HOW TO COMPLETE THIS TASK >> Each line of the listing must be transcribed exactly, except for the images, which should be excluded.

THE DATA >>
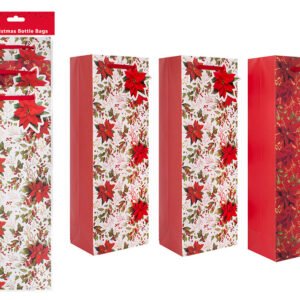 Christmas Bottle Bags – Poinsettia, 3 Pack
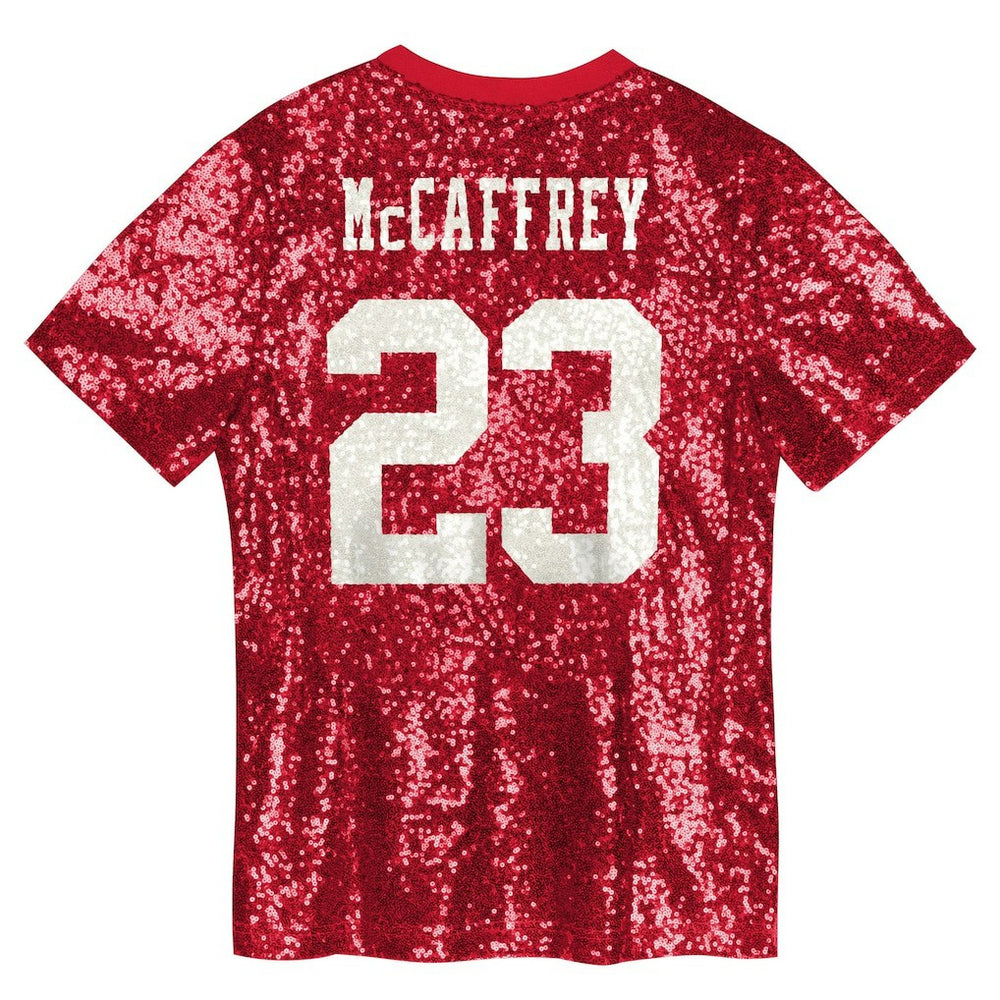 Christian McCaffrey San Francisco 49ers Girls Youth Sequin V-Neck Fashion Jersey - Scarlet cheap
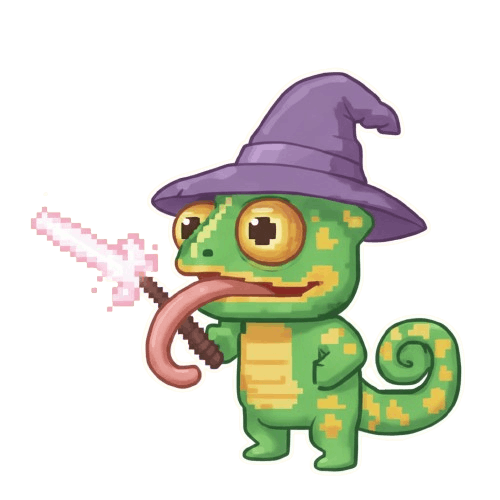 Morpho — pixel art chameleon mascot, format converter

WRITTEN ANSWER >>
 Christmas Bottle Bags – Poinsettia, 3 Pack
 Christian McCaffrey San Francisco 49ers Girls Youth Sequin V-Neck Fashion Jersey - Scarlet cheap
 Morpho — pixel art chameleon mascot, format converter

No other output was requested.